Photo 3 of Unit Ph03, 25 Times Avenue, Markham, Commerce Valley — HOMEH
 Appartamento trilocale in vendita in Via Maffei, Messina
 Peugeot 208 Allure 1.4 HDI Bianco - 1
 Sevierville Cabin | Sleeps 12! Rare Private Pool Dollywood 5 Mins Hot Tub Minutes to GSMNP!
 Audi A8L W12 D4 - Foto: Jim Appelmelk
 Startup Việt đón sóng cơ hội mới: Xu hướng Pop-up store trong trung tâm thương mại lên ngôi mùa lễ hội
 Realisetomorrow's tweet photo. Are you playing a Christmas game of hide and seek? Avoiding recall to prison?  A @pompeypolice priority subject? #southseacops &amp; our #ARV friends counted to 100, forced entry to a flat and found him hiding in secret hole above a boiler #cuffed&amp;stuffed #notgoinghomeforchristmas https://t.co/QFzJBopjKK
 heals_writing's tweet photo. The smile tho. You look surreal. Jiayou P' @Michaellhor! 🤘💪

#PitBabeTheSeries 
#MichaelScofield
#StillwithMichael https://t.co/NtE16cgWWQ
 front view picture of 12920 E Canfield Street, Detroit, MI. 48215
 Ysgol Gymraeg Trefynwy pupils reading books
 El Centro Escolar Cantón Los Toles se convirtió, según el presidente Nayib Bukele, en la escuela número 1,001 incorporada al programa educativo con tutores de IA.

◆ ◆ ◆

Directions for this task: Scanning the data above, count the lines in which the string "tweet" occurs and state only the count.

Output for this task: 2